Where an entry below contains an image, skip the image and copy the rest exactly.
*** Input ***
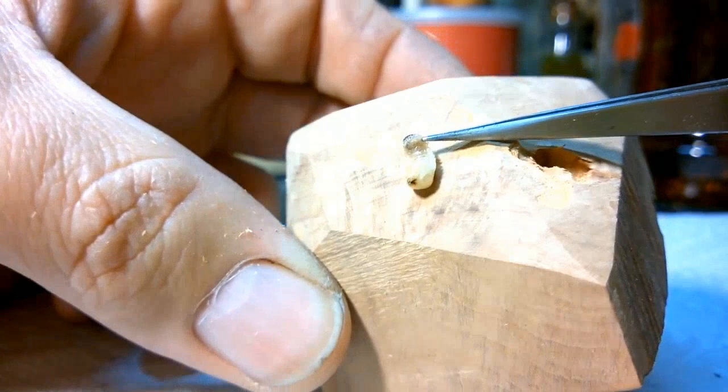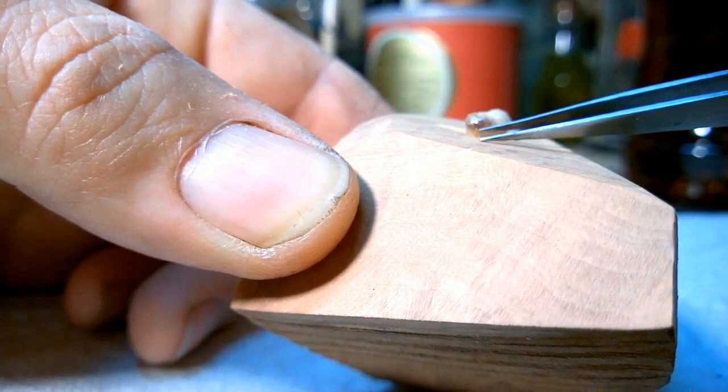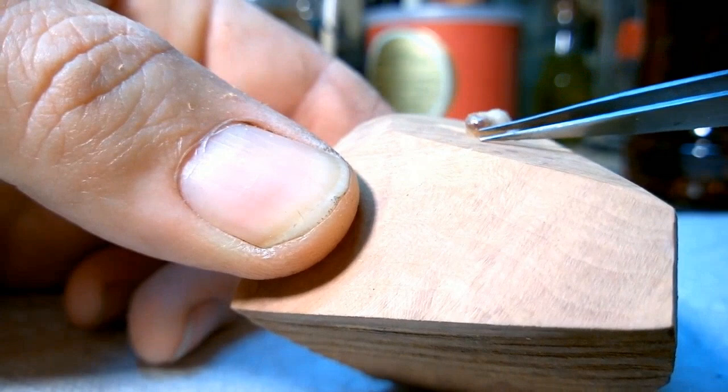So there it is — the wood boring beetle larva. If you see holes like these in your briar, steer clear of it, because one of these guys is likely inside, and you might want to rethink your source of briar.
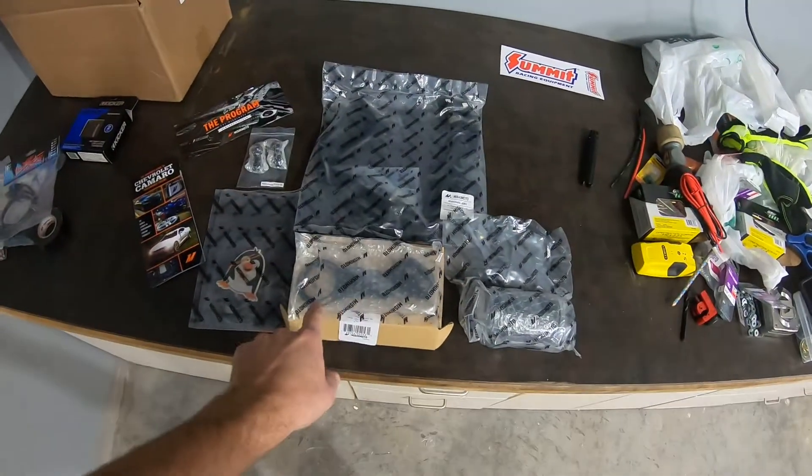So what I got for you today, we're going to be installing a Mishimoto catch can.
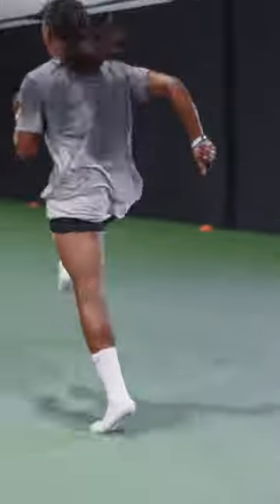I just want you to focus on striking the ground and pulling with that single leg. That's all it is. Let's go! Yes, yes!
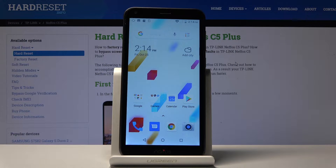Welcome! In front of me is a NIFAS C5 Plus, and today I will show you how to capture a screenshot on the device.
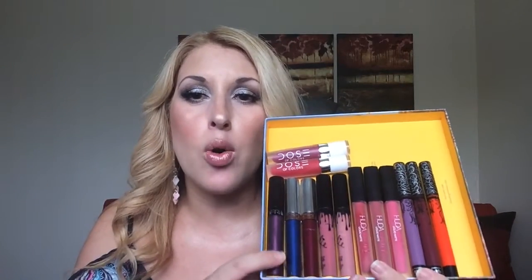Hi guys, welcome to my channel! Today I have a liquid lipstick swatch video, slash review, slash which is my favorite liquid lipstick. We have Kat Von D, Huda Beauty, Kylie, Anastasia, Ofra, and Dose of Colors. If you're interested to see all these liquid lipsticks swatched on my lip, and to learn a little bit more about the formula and which are my favorites, keep on watching.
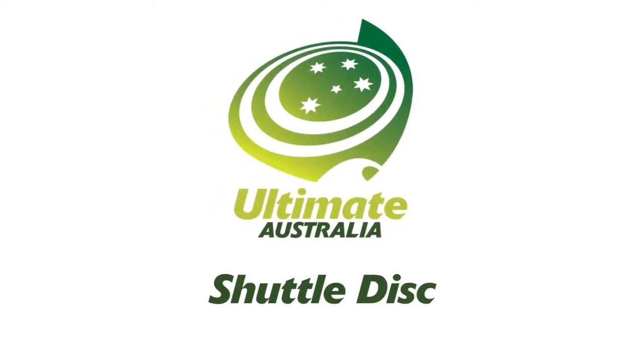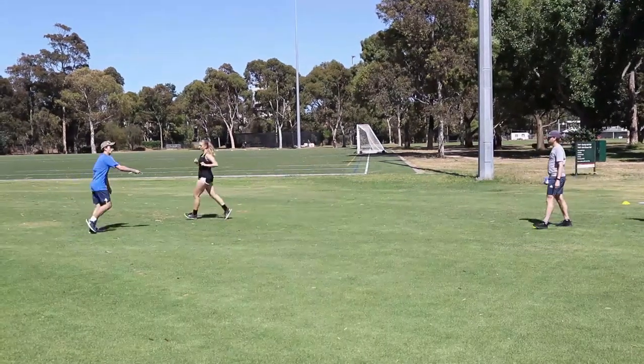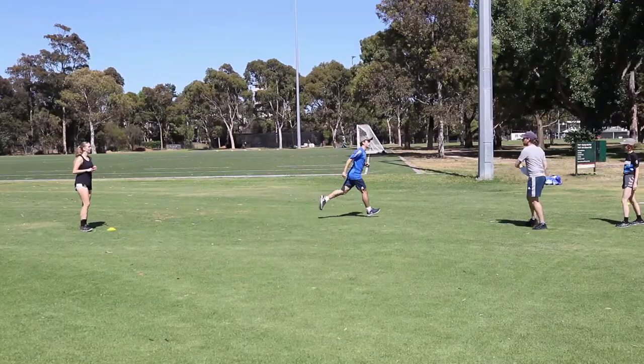Hi, this is Coach Louisa and today we are going to learn the game Shuttle Disc. Shuttle Disc is a cooperative game that combines introductory throwing and catching skills with movement skills.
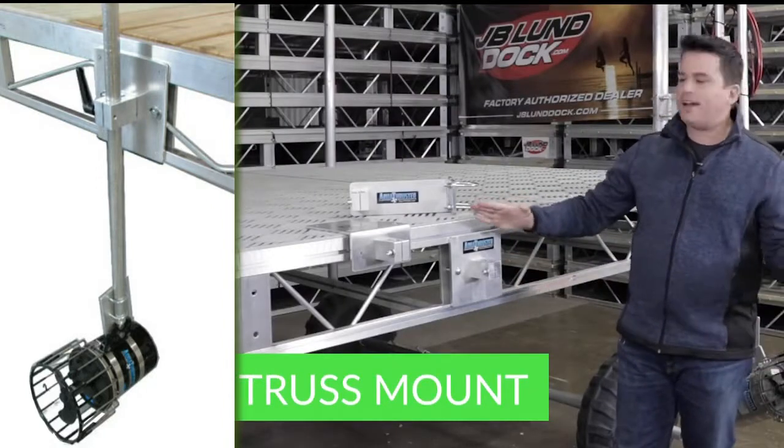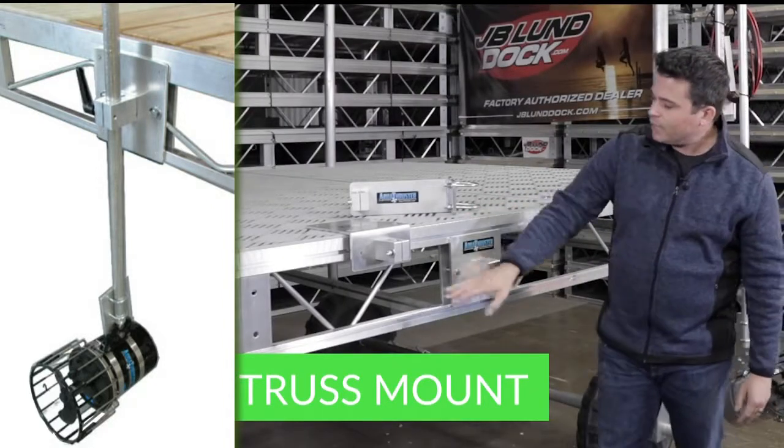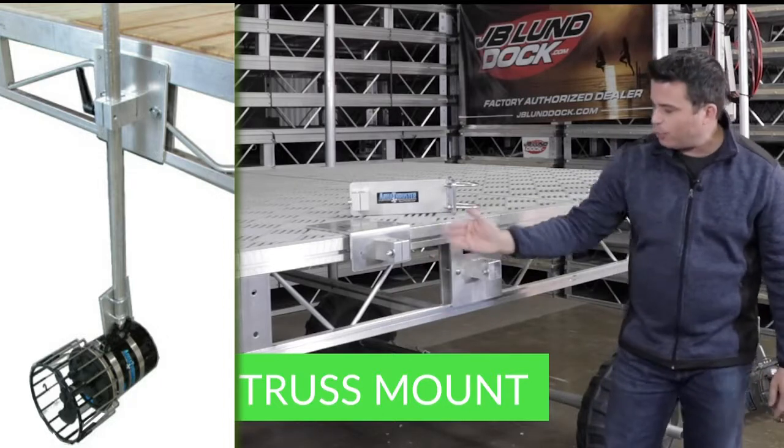If you have the truss style dock system, that means you have an open area underneath the dock. It's not a solid rail.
*** End of Input ***
Exercise solution:
So there it is — the wood boring beetle larva. If you see holes like these in your briar, steer clear of it, because one of these guys is likely inside, and you might want to rethink your source of briar.
So what I got for you today, we're going to be installing a Mishimoto catch can.
I just want you to focus on striking the ground and pulling with that single leg. That's all it is. Let's go! Yes, yes!
Welcome! In front of me is a NIFAS C5 Plus, and today I will show you how to capture a screenshot on the device.
Hi guys, welcome to my channel! Today I have a liquid lipstick swatch video, slash review, slash which is my favorite liquid lipstick. We have Kat Von D, Huda Beauty, Kylie, Anastasia, Ofra, and Dose of Colors. If you're interested to see all these liquid lipsticks swatched on my lip, and to learn a little bit more about the formula and which are my favorites, keep on watching.
Hi, this is Coach Louisa and today we are going to learn the game Shuttle Disc. Shuttle Disc is a cooperative game that combines introductory throwing and catching skills with movement skills.
If you have the truss style dock system, that means you have an open area underneath the dock. It's not a solid rail.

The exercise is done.